What do billionaire inventor Elon Musk, the Google Now on Tap service launched at Google I/O, and the recent “Ex Machina” premiere have in common? The idea that unites all three is artificial intelligence or, more precisely, the process of imposing limits into artificial intelligence (AI) so it truly serves humanity and does not inflict any harm.

Should we be afraid of artificial intelligence?

What is artificial intelligence capable of today?

For those who are not really into the topic, let me enumerate several facts which can demonstrate the progress machines have made in their ability to do very human things.

Today, Google can correctly recognize speech with 92% accuracy versus 77% just two years ago; the company has developed an AI platform that learned to play classic videogames on its own accord.
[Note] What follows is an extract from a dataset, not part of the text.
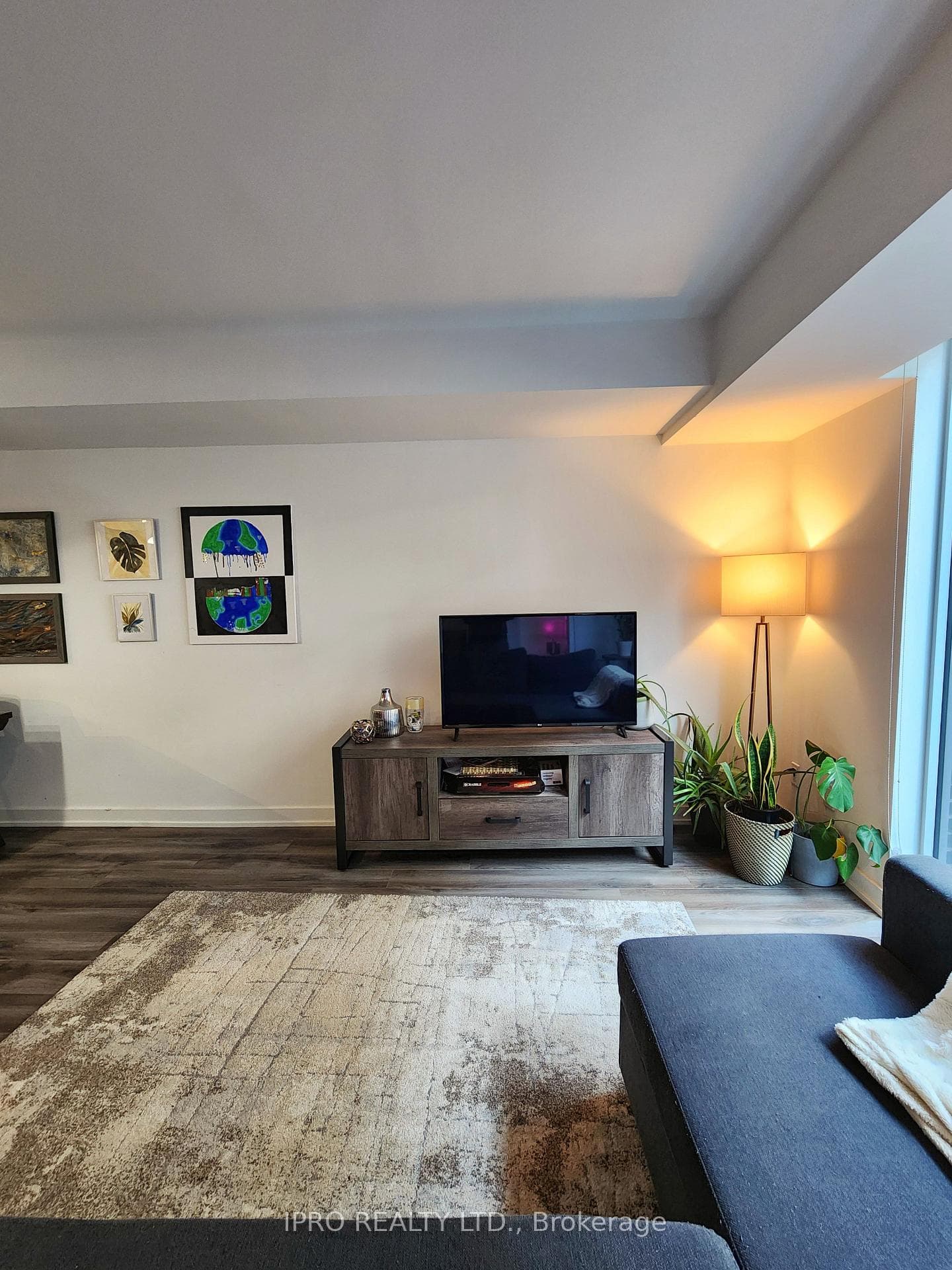 106 Varna Drive Unit 7 photo 6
Microsoft taught a robot to recognize images (or, more precisely, to see certain objects on the images) with just 4,94% error rate – stunningly, an average human has a higher error rate.

Google’s stats suggest that their driverless cars which, by now, have already gone over 1,800,000 miles on public roads in California, were involved in car accidents only 13 times in six years, and in 8 of those cases, the car behind was to blame.
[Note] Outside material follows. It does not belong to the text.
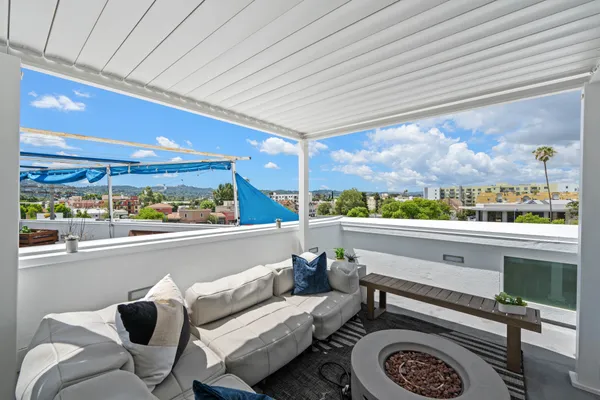 $989,000 | 11307 Morrison Street, North Hollywood, CA 91601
It all proves that, even with low probability of developing full-fledged AI in the short-term perspective, something similar will inevitably emerge in the nearest decades.

With that in mind, don’t think the impact from ‘smarter’ machines will be seen only in the virtual domain. Here is an extreme example: unmanned aerial vehicles, or drones, fly completely on their own, but the command to shoot targets is still given by humans. This is the way the U.S. prefers to fight against terrorists in Pakistan and other dangerous regions.

Are programmers capable of creating a reliable ‘safety lock mechanism’ to prevent the AI from committing unethical or immoral acts?

The possibility of automating such tasks as well is widely discussed. The Terminator franchise turned thirty last year, so you can vividly imagine the consequences of such a decision in the not too distant future.

I won’t dwell too much on the apocalyptic scenarios, rather I will focus on some more down-to-earth questions. One of which is: Are programmers capable of creating a reliable ‘safety lock mechanism’ to prevent the AI from committing unethical or immoral acts?

Such acts might be based on various reasons, yet the most obvious of them is a conflict of resources between humanity and the AI. However, there are other scenarios. I’d disclaim that the harm would not necessarily be intentional. There is a great example Stanislaw Lem cites in his wonderful work, Summa Technologiae. In essence, the idea is as follows:

“Suppose the prognostic block of the ‘black box’ (AI) detects a danger potentially able to impact the state of the humanity’s homeostatic balance… The said danger is provoked by the rate of population increase which substantially exceeds the civilization’s ability to satisfy the humanity’s basic needs.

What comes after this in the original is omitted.